Morreall: Some of it has been positive, some of it has been negative. Let’s take the positive first. Before 1965 or 1970, if you went to a standard group of men, like a rotary club or any of these communal fraternal organizations, and you had somebody telling jokes, you could expect to hear a mother-in-law joke and you could expect to hear a joke about blacks. Racist humor and sexist humor were all over the place. I think that it is humor though, because it’s designed to amuse people. It’s got a punch line, so the fact that we disapprove of it doesn’t mean it’s not humor, it’s just objectionable humor. So I put everything that’s designed to make people laugh in the category of humor and then I distinguish. So, sexist jokes and racist jokes were common. What’s good about this increased sensitivity is that people don’t tell those anymore—at least they are not acceptable anymore, so that’s the good thing. So what’s the down side? The down side is people went overboard and said we shouldn’t allow a joke which might hurt anybody’s feelings, ever. That’s just way too protective. If every time I told a funny story I had to think if anybody possibly might be offended by this, I’m going to have to shut up. There’s going to be no risk taking. There’s going to be no adventure. So my basic principle is that if you are going to amuse people with a funny story or joke or whatever, ask yourself if a reasonable person would be offended by this. Even if it’s a joke which puts down a group, there are positive ways of doing that and negatives.

Q: There are positive ways of putting down groups?

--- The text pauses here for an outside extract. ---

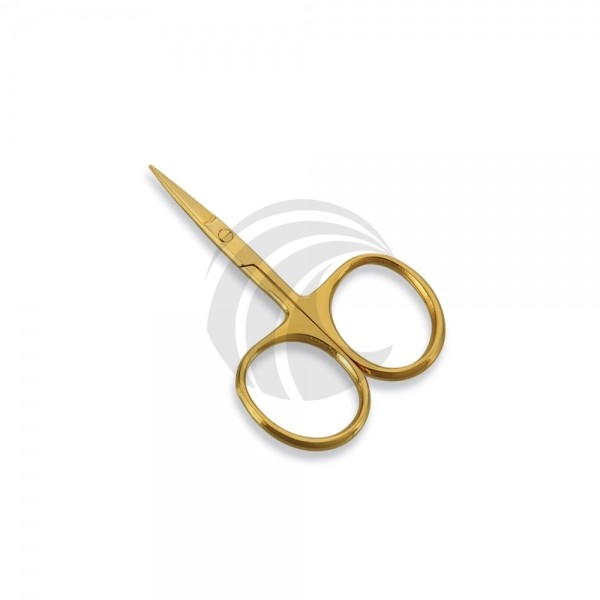 Cuticle Scissors
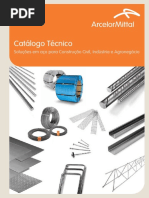 Catalogo Técnico - Arcelor Mittal.pdf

Morreall: Yes. The negative way is to be sarcastic, but I can joke about my own group. I distinguish between sarcasm and kidding. Kidding is when, suppose you and I are university professors, and we tell jokes about ourselves. A lot of groups tell jokes about themselves as a way of boosting camaraderie. You know this with your friends, if your friends kid you about something—even if it makes you look silly—it feels good to be kidded. If you went to a group of your oldest friends and they didn’t kid you for a week about something, if they didn’t kid you about anything that you had ever done wrong, you wouldn’t feel like they really cared about you. So it’s an expression of friendship, even love. That’s why filtering out all humor, even ethnic humor, is just a mistake, because ethnic humor isn’t aggression. Humor has been used as a put-down for a group, I won’t deny that, but even then it wasn’t necessarily hateful. It may have been done by people who were racists but it wasn’t their most aggressive moment. When people really hate each other, they do more than tell jokes. The ethics of humor is something I’ve thought a lot about, and I think most people just don’t understand it. Humor isn’t an attack—it’s a kind of playfulness most of the time.

Q: So what is humor?

Morreall: I work with a theory of humor which has a fancy name but it’s not a hard idea. It’s the incongruity theory of laughter. Incongruity is a mismatch between my ideas and my experience. It’s a discrepancy between what I expect and what I get. So humor is based on experiencing something that doesn’t fit your idea of how stuff is supposed to go but somehow enjoying it. There are two parts to it: first, you’re surprised, you get something that doesn’t fit your expectation. But secondly you somehow get a kick out of it; you enjoy it. So humor is the enjoyment of incongruity. Human beings are the only ones who can enjoy incongruity. If your cat usually gets its meal at 6 o’clock in the kitchen, and you move the food out to the porch, or you don’t feed it, or you put a bowling ball there instead of food, you’re not going to get even a smile. Your cat’s going to be upset. Animals can’t rise above their own situation and enjoy the surprise. Only humans can. Only humans are able to laugh. So my definition of humor is having something happen that you weren’t ready for but enjoying it.